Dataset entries
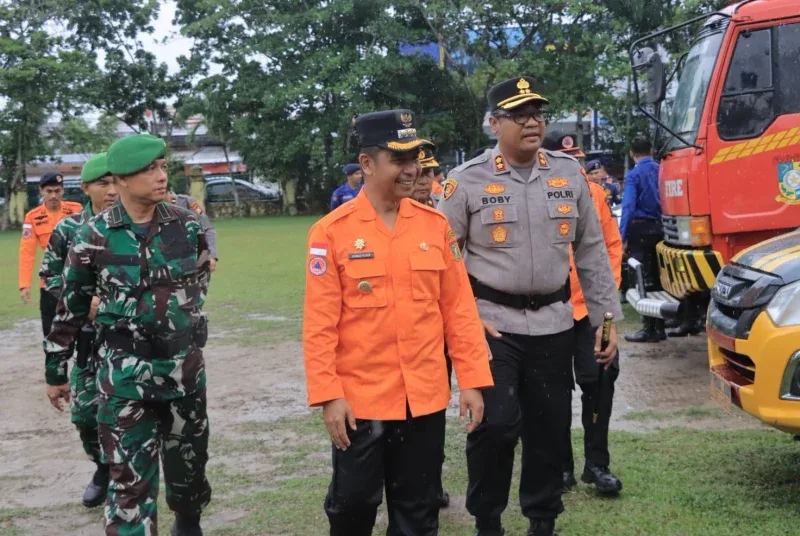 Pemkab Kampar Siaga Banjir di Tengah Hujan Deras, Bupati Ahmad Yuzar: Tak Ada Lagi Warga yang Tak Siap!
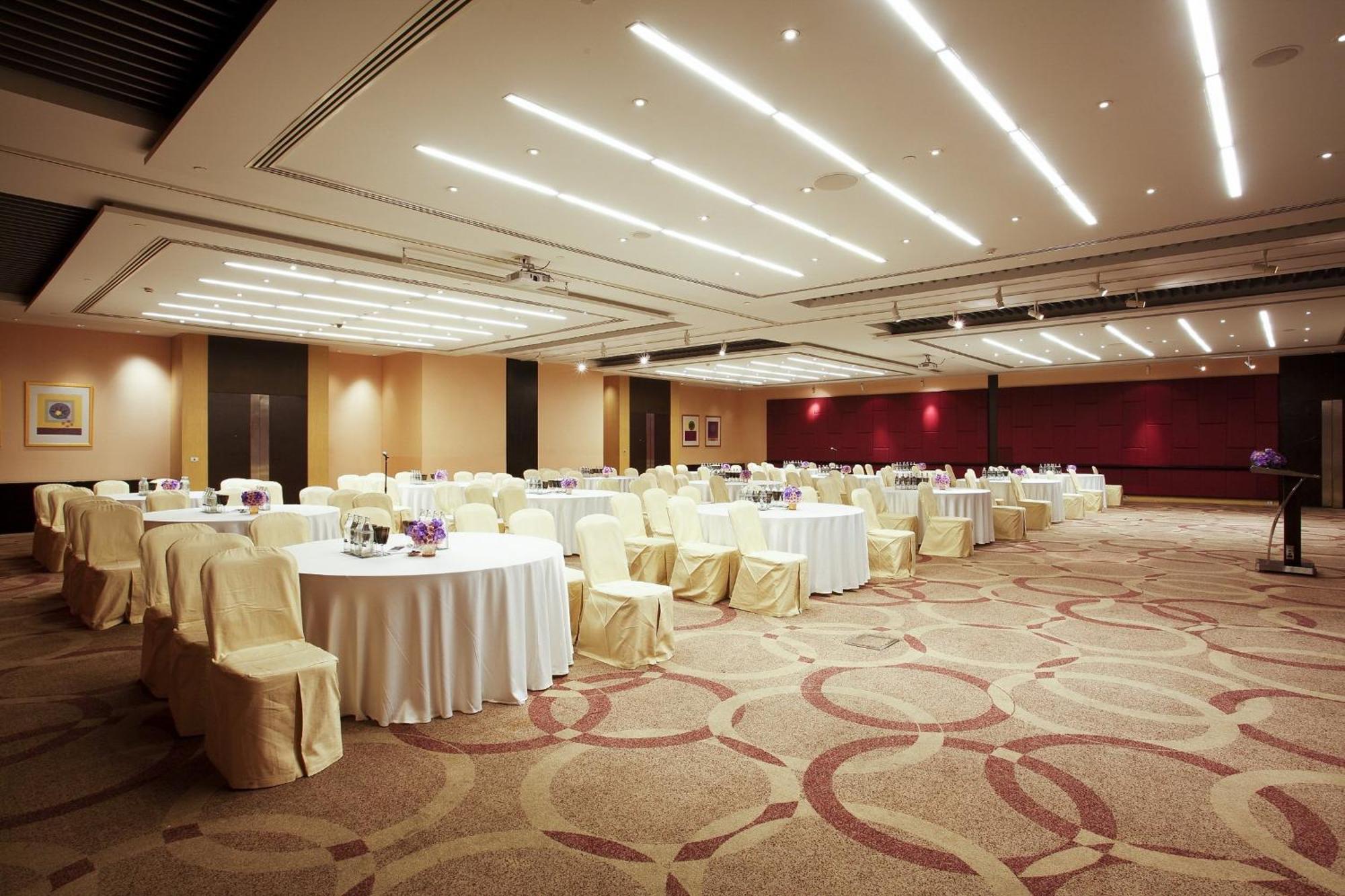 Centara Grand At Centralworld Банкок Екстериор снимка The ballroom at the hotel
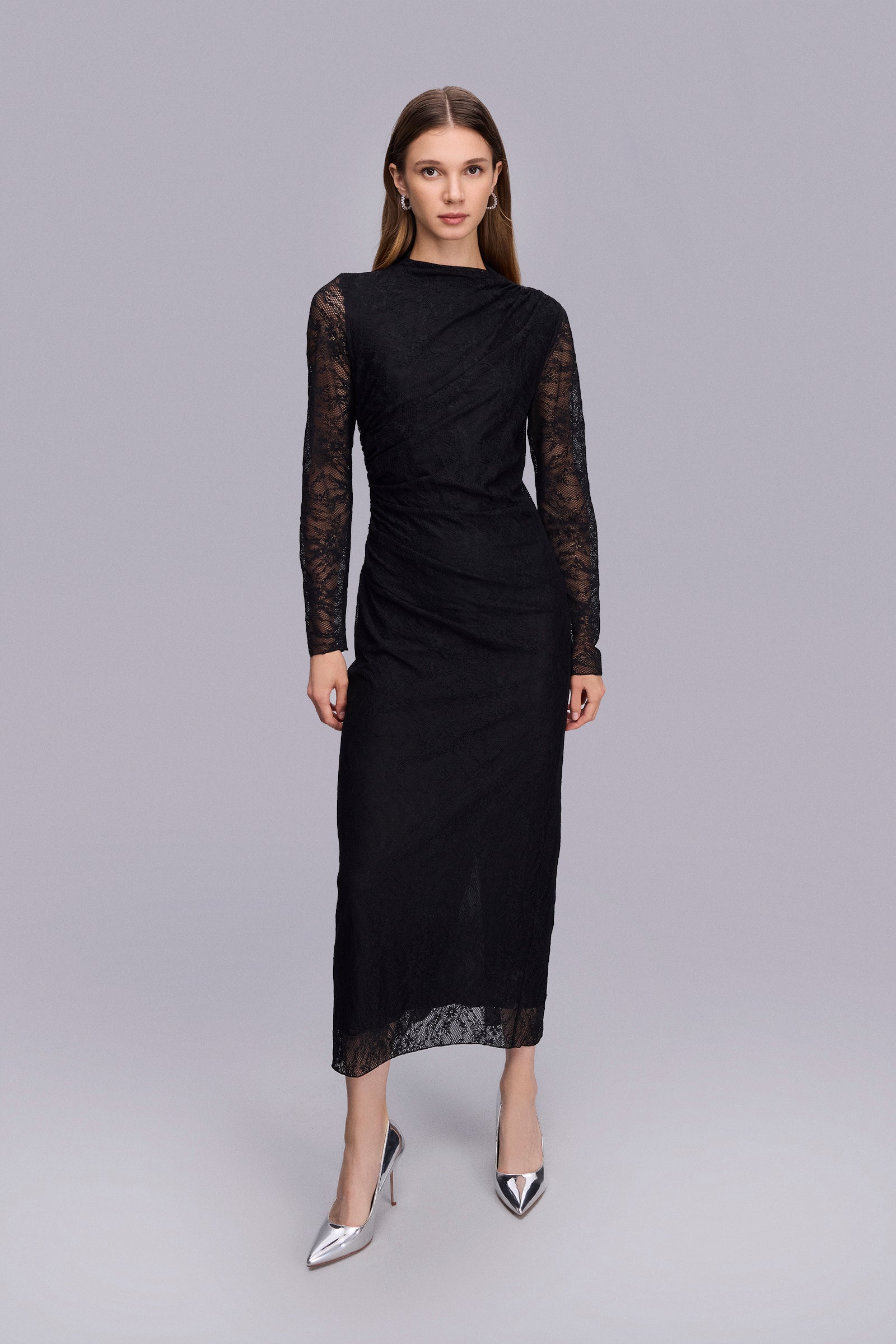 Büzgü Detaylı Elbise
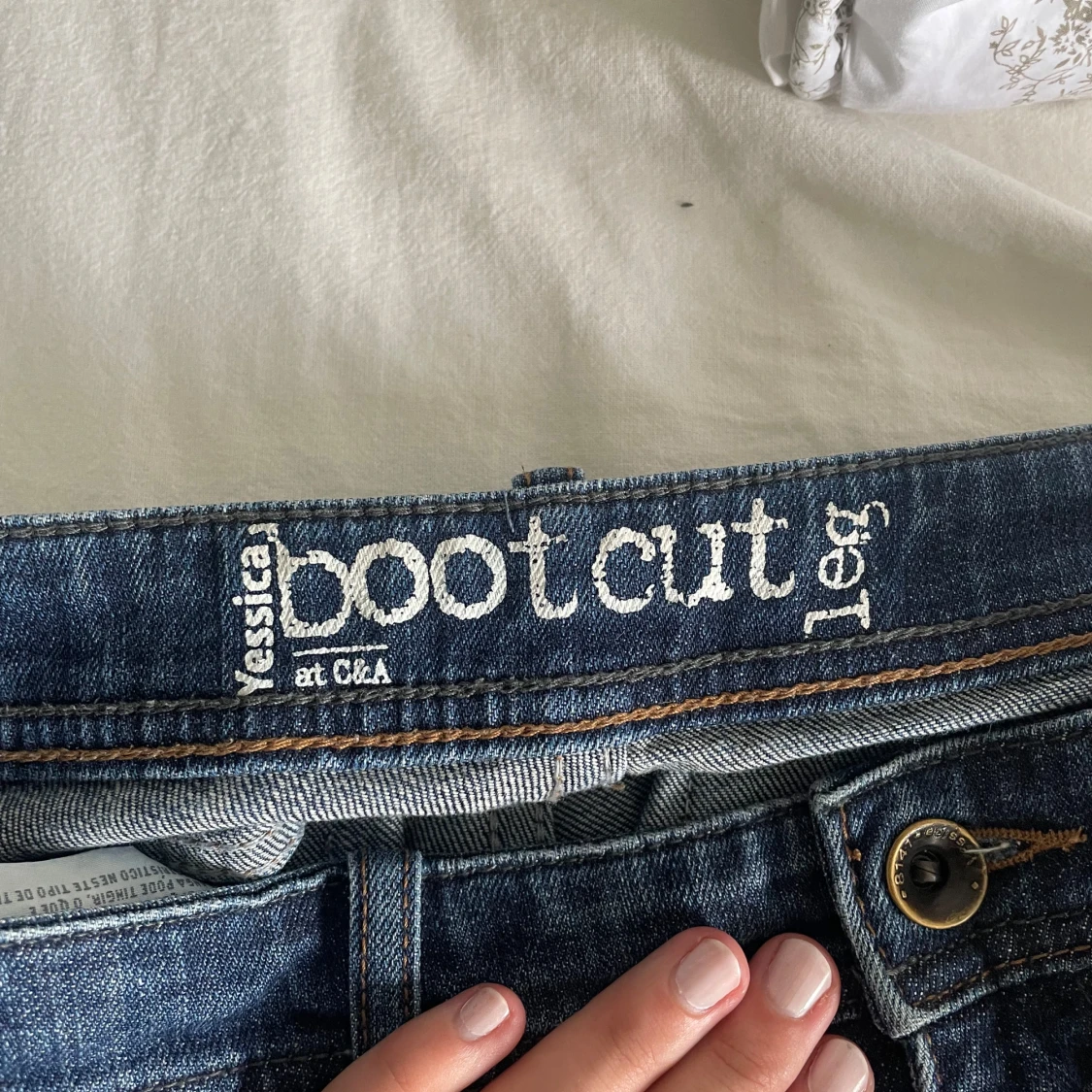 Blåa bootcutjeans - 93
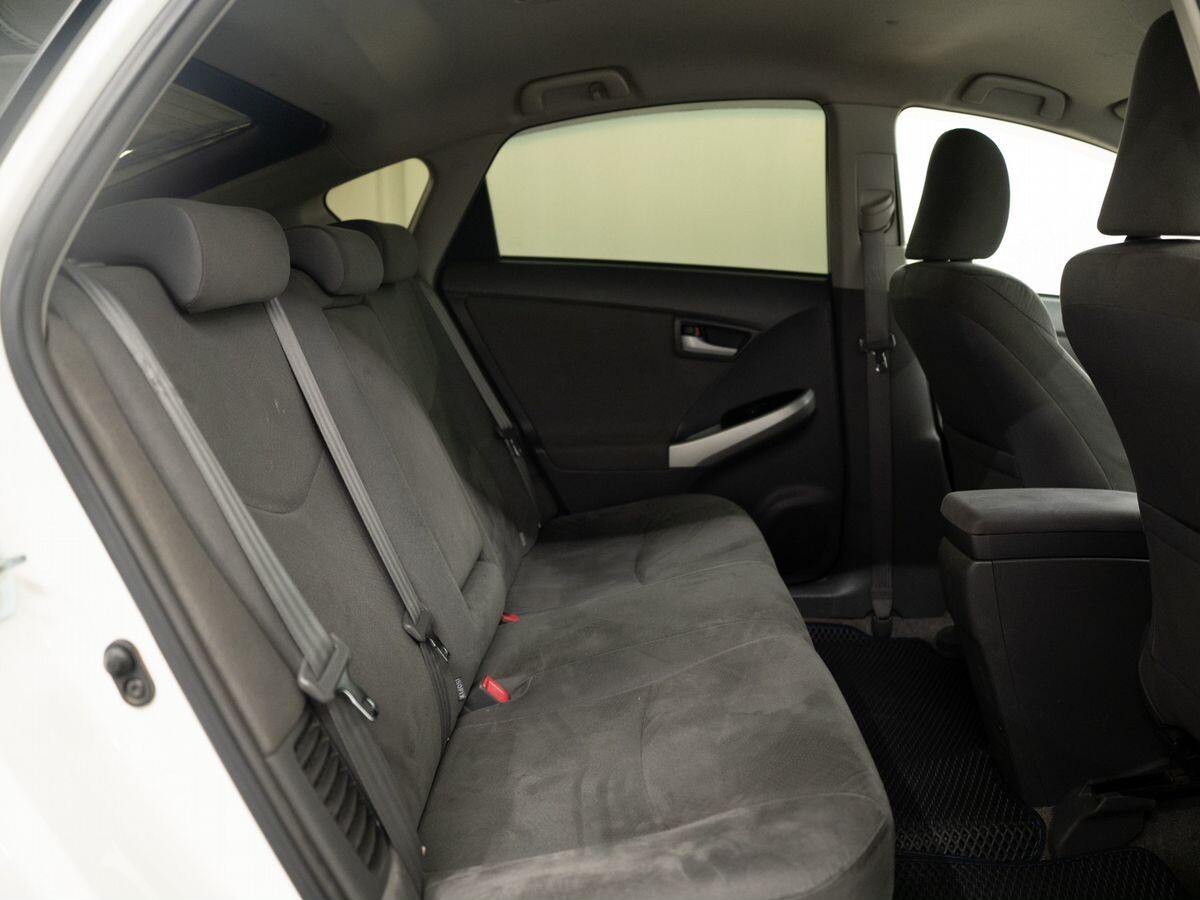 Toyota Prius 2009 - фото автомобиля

ABOUT THIS TASK
The answer is the full set of records printed exactly, less the pictures.

THE COMPLETED TASK
 Pemkab Kampar Siaga Banjir di Tengah Hujan Deras, Bupati Ahmad Yuzar: Tak Ada Lagi Warga yang Tak Siap!
 Centara Grand At Centralworld Банкок Екстериор снимка The ballroom at the hotel
 Büzgü Detaylı Elbise
 Blåa bootcutjeans - 93
 Toyota Prius 2009 - фото автомобиля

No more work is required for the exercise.